Oi Offers 70% Haircut for Bonds in Bankruptcy Recovery Planby and
Phone company filed for bankruptcy protection in June
Telecommunications operator has almost 67,000 creditors
Oi SA, the Brazilian phone company struggling under $20 billion in debt, proposed a bankruptcy recovery plan that includes a reduction of as much as 70 percent in the value of its bonds.
The judicial recovery plan, which also includes asset sales, new resources and the possibility of a merger or breakup, was approved by the company’s board and filed with a court in Rio de Janeiro, according to a filing. Now that the document has been presented, Oi’s debtholders and shareholders have 30 days to negotiate before presenting a revised plan. Two top investors, Pharol SGPS SA and Nelson Tanure, are already in talks, people familiar with the matter said last week.
The company’s dollar-denominated bonds due in 2020 fell 9 percent to 26.1 cents, compared with 67 cents a year ago.

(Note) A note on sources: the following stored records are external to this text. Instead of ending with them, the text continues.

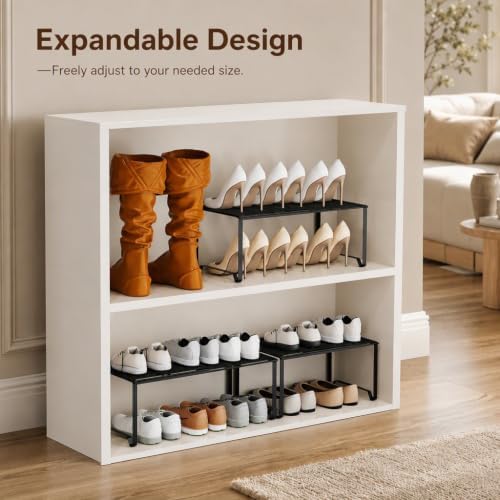 Extendable Metal Wire Shelf Organizer - Adjustable 15-24.4in Length, Stackable Storage Rack for Kitchen/Pantry/Bathroom/Shoe Cabinet/Tool Closet (1,Black) - Image 4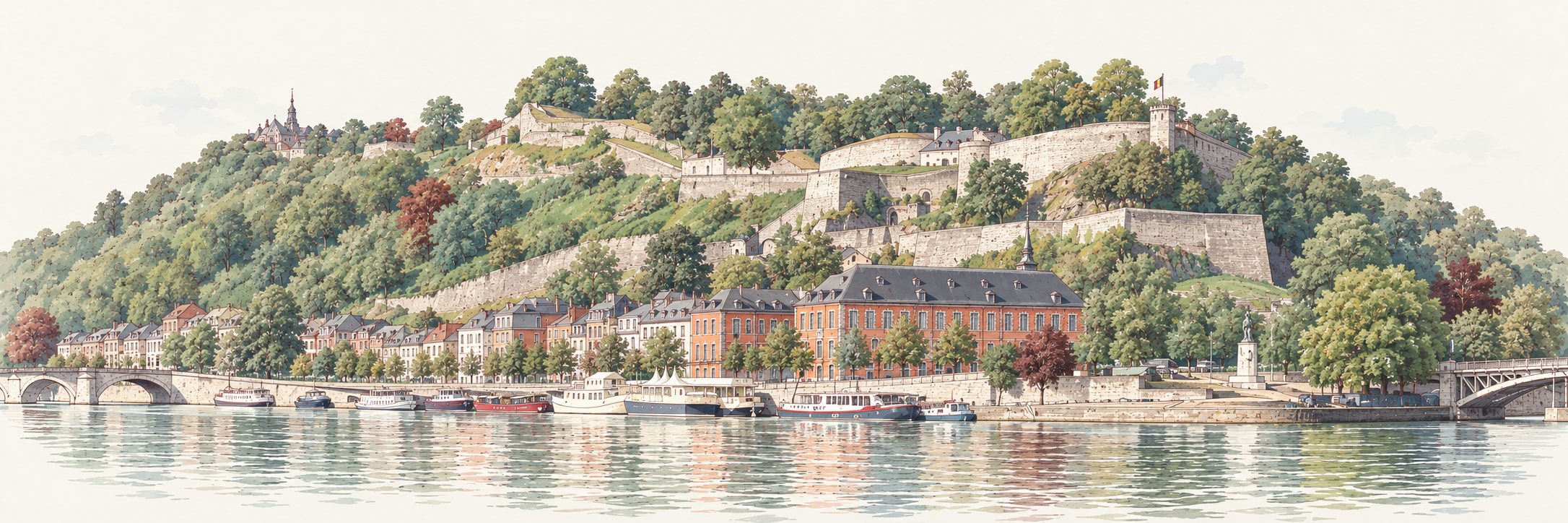 Watercolour illustration of Namur’s citadel above the Meuse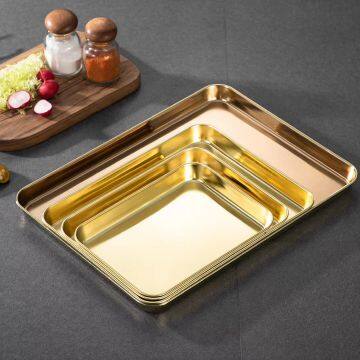 Baking Tray Shallow Metal Container Used for Baking Foods Colorful Pans Stainless Steel Pots, Pans, Kettles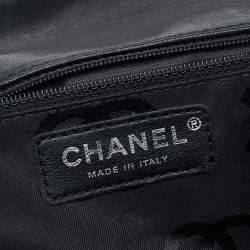 Pre Owned Chanel Black Studded Leather Medium Classic Single Flap Bag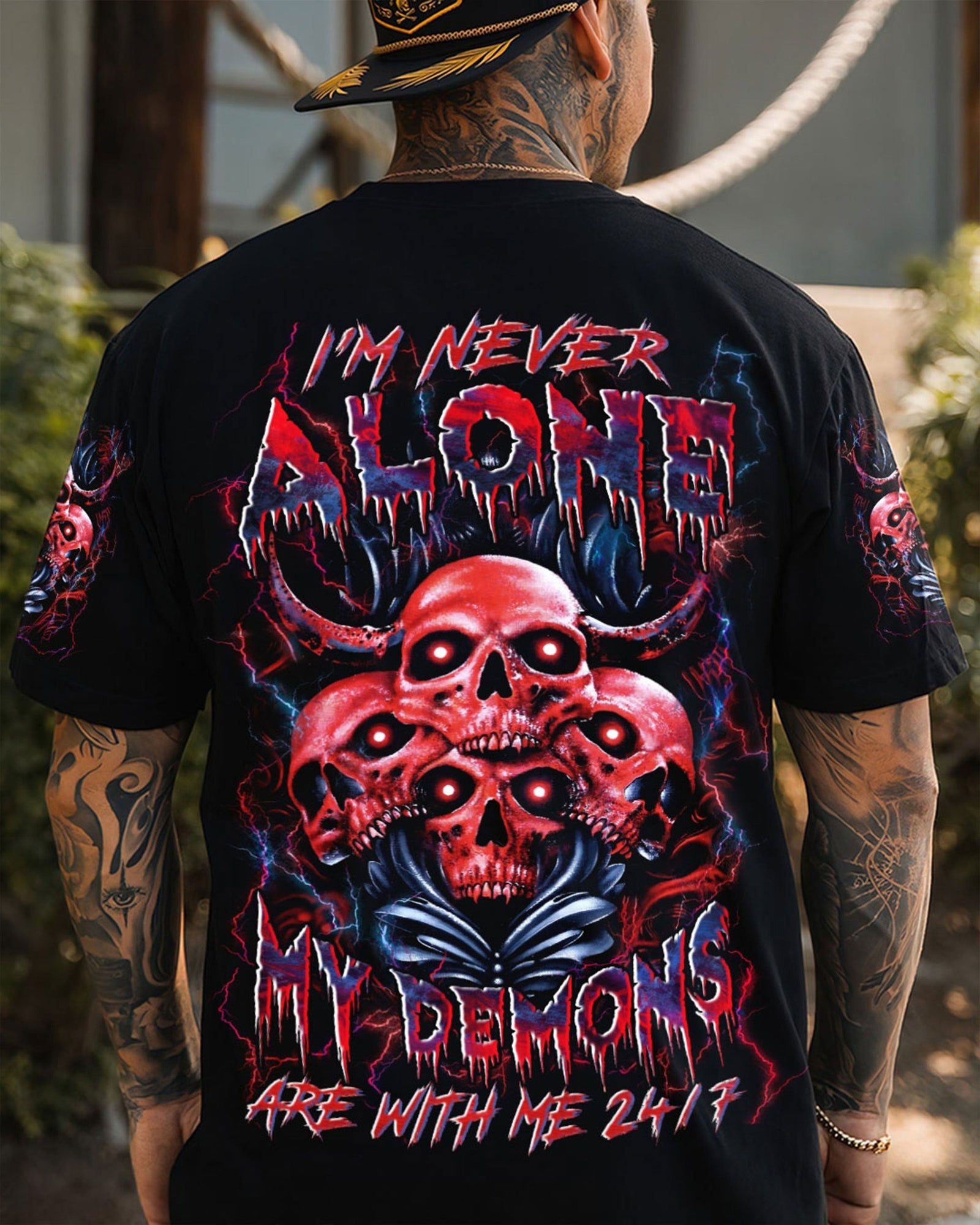 BLISSCORNERS I'M NEVER ALONE SKULL DEMON ALL OVER PRINT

Oi’s shares dropped 6 percent to 3.25 reais, after rising
23 percent on Monday.
The Rio de Janeiro-based operator proposed converting up to 32.3 billion reais ($8.74 billion) of debt into convertible bonds with a face value of 10 billion reais. Lenders would get 85 percent of the company if Oi doesn’t pay off the debt in three years. Creditors who opt against the convertible debt may choose between granting Oi a 10-year grace period with interest of 8 percent or the TR reference rate plus 1 percent for loans denominated in reais, whichever is higher, or interest of 1.25 percent for debt in dollars.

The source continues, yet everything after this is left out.